When he went missing, Daniel was in Karachi – where most of the film is set – to investigate extremist links to British national Richard Reid, the infamous failed ‘shoe bomber’, jihadist and Guantanamo detainee.
The film essentially documents the combined attempts of the Pakistani security forces, US intelligence services, Daniel’s colleagues and Marianne herself to find Daniel and has captors.
Marianne (played by Angelina Jolie) is unwilling to be a victim of circumstance: she is proactive, passionate and fiery as she attempts to unravel the tangled web of contacts, fixers and middlemen in the quest to locate her husband.
Director Michael Winterbottom faces a challenge, which he deals with admirably: to combine both reconstruction and dramatisation. For the former, Winterbottom uses several techniques giving the film a ‘fly on the wall’ documentary quality, such as heavy use of handheld camera shots, along with datelines and interspersed contemporary news footage. For the latter, he keeps up the tempo through the editing – quick cuts between shots, jump cuts and pacy visuals. The combination of documentary style visuals and action thriller pacing is definitely in vogue right now – The Bourne Ultimatum stands as a prime example.
Anurag Kashyap also had a crack with Black Friday, but A Mighty Heart succeeds where Black Friday ultimately failed. Whereas many of the sequences in Black Friday would have worked as dramatisations within a documentary, as a film it fell down because of the lack of genuine characterisation or cohesive narrative.
A Mighty Heart manages to pull this off. This is definitely Marianne’s story – not Daniel’s – and we’re firmly placed in her shoes throughout. Winterbottom resists the temptation either to dramatise or speculate about Daniel Pearl’s incarceration itself. Following Daniel’s disappearance, the emphasis is firmly on Marianne’s desperate search, and we see him only in flashbacks or photographs. Just like Marianne, we have to learn the truth piece by piece as the story unfolds.
As with Black Friday and Steven Spielberg’s Munich, A Mighty Heart avoids over-simplistic cartoonish characterisations of the ‘bad guys’. This adds to the realism; even jihadists have families too.

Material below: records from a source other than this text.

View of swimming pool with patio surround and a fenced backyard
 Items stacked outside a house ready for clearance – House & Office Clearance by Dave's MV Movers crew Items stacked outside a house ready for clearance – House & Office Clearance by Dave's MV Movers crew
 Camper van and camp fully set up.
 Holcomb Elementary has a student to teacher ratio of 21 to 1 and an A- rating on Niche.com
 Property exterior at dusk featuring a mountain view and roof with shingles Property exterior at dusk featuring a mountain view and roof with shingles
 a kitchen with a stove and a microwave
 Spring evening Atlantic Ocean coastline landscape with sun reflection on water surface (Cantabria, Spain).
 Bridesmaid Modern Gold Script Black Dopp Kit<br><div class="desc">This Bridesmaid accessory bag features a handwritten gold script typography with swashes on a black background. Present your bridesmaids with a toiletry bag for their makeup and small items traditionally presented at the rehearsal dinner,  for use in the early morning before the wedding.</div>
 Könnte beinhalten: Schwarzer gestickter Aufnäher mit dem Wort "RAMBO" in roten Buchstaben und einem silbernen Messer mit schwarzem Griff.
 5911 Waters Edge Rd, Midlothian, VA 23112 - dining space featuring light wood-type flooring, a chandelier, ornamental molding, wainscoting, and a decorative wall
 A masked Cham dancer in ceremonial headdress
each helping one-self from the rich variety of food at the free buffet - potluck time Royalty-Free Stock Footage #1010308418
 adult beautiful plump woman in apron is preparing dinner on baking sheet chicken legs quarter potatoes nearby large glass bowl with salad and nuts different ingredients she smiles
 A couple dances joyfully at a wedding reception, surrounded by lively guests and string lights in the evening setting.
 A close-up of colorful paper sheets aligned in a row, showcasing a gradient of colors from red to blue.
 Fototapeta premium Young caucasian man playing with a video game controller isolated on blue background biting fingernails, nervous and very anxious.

Much has been said about Jolie’s portrayal of Marianne. Is she the right actress for the part? To be fair, Jolie deserves credit for her performance. She puts in a strong emotional turn in an undoubtedly challenging role, and is certainly less irritating than usual. Without her influence (and that of her husband, co-producer Brad Pitt) it’s unlikely that the film would have been made in the first place.
Although Jolie is the star name, the film benefits from balanced and understated performances from across the cast. In particular, the ever-reliable Irrfan Khan is excellent as Captain, the Pakistani CID officer leading the investigation. Futterman has relatively little screen time, but convinces, as does Archie Panjabi as Marianne’s friend and hostess Asra – who as an Indian in Pakistan faces problems of her own.
Winterbottom occasionally lapses into cliché – is it possible to signify a new day in Pakistan without panning across a hazy dawn skyline accompanied by the cry of the muezzin? It seems not. As soon as we leave the haven of Asra’s lavish Karachi bungalow we’re pitched immediately into the apparent chaos of downtown Karachi. Yet while Karachi’s traffic might seem threatening to many – and is presumably used as a device to unsettle the audience – it would not faze Daniel Pearl, an experienced journalist who lived and worked in Bombay.
As an adaptation of a non-fiction book, A Mighty Heart may not have the luxury of a conventional plot. However, the film demonstrates that with care and attention to detail it is possible to produce an intelligent, thought-provoking dramatisation without resorting to sensationalist flourishes. Fittingly, like Marianne and Daniel, A Mighty Heart has dignity.